A Gaffe de corpo inteiro


A minha irmã vive num apartamento amplo e luminoso que os mais ilustres podem, num vislumbre, considerar minimalista. No entanto, a ausência quase total de objectos não se relaciona com qualquer opção estética. A minha irmã compra, porque o escolhido se lhe afigura de importância capital para o seu conceito de conforto que inclui o inquieto, o que impede o desarmar da vontade ou o impulso criativo.

As paredes derrubadas deram primazia à luz branca, asséptica, metálica, que gela os corpos e entrega aos móveis, cuja existência se deve ao facto de nenhum poder ser movido, a geometria da perenidade. Há tarefas definidas para cada um dos objectos e porque a única preocupação na compra é a função que cada um tem de exercer, todos são limpos e puros como as obras-de-arte.

Parece frio, incomplacente e demasiado branco. Um espaço de racional inflexibilidade. Mais pragmático do que minimal. A minha irmã suporta mal a cor à sua volta.

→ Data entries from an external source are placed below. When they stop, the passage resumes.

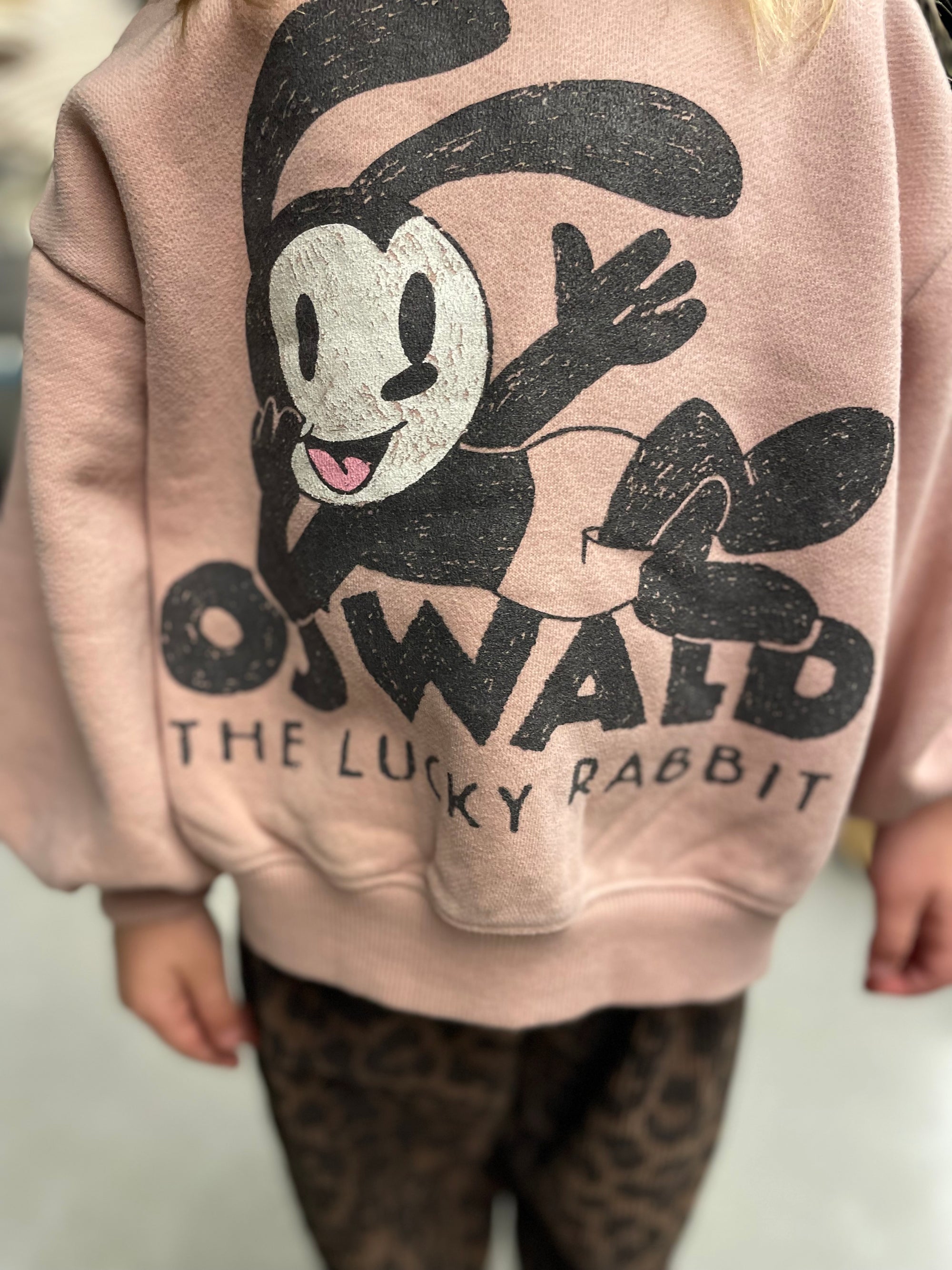 Oversized lucky rabbit sweater - bruin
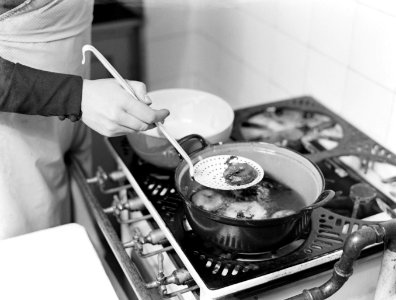 Nell Langlais bakt appelbeignets in een pan met olie, Bestanddeelnr 189-1087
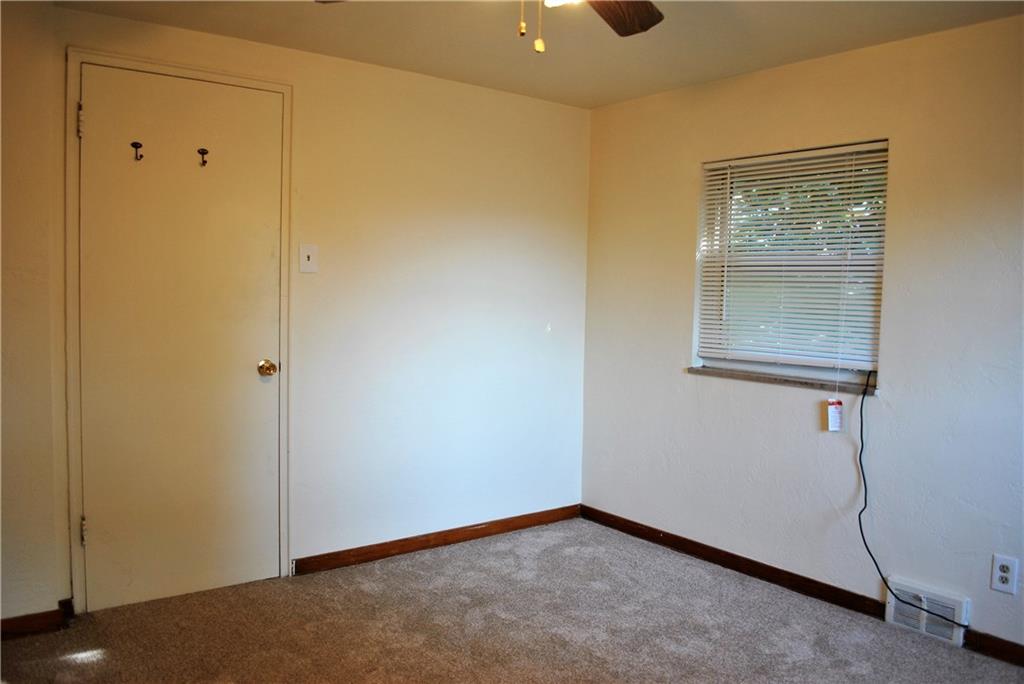 3017 Willett Road Pittsburgh, PA 15227 - Photo 9 of 15 Gallery Image 9
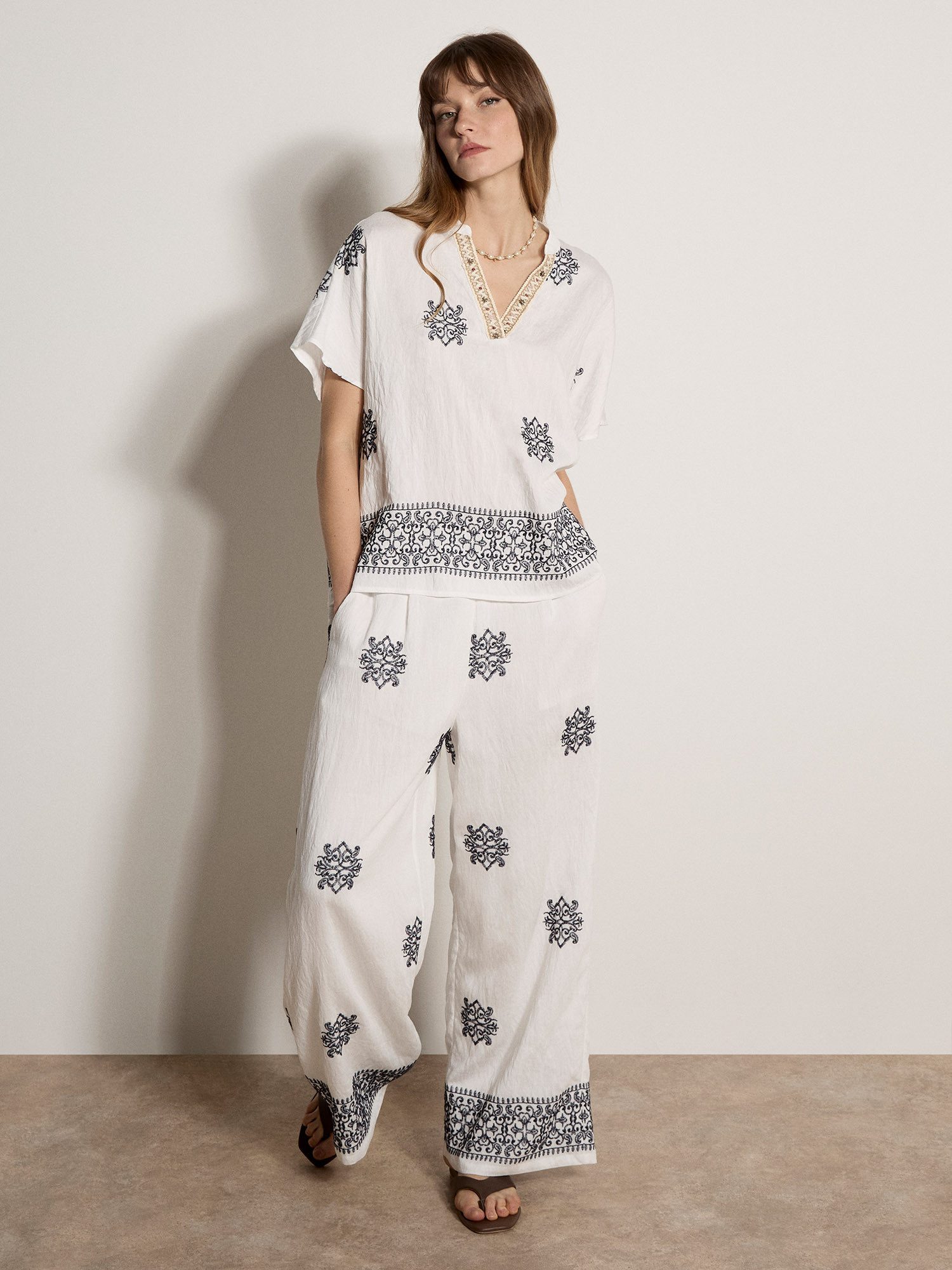 Apricot Stoffhose Weite Hose mit Paisleymuster mit Stickerei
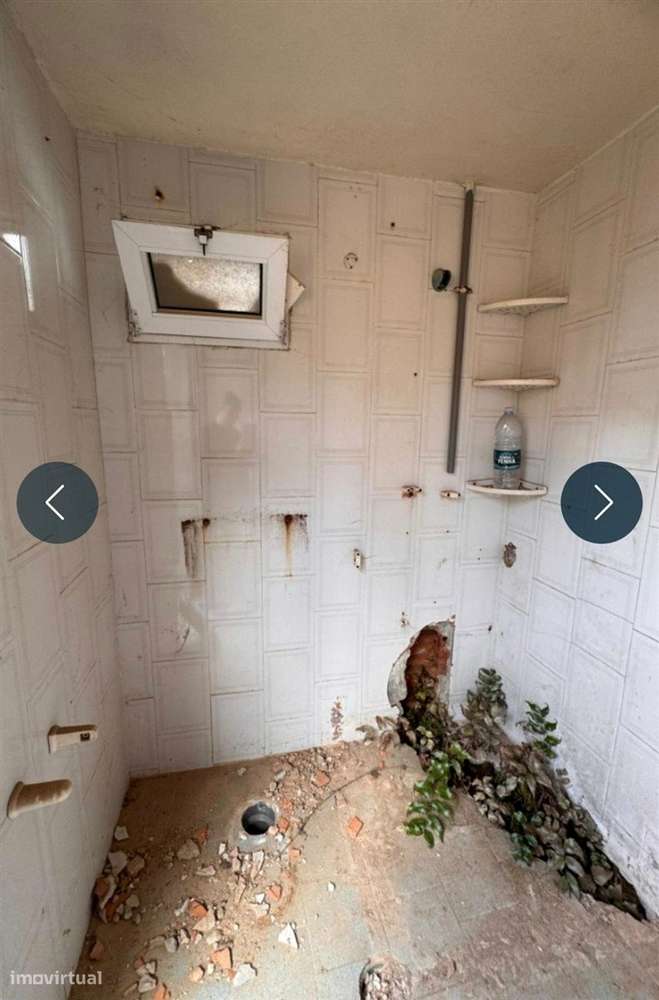 Prédio com 3 Habitações, Garagem e Terreno em Grijó-8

Admite breves tons de cinza, muitas vezes chumbo, muitas vezes quase nada, o preto, o metal, mas recusa frequentemente outras paletas.

Sempre me pareceu um apartamento vazio - provavelmente pelas ausências longas e frequentes da dona -, como se estivesse eternamente à espera do habitante, até ter encontrado ontem, numa moldura lisa e perfeita, uma fotografia minha, a chispar de cores e riso aberto, grande e de corpo inteiro.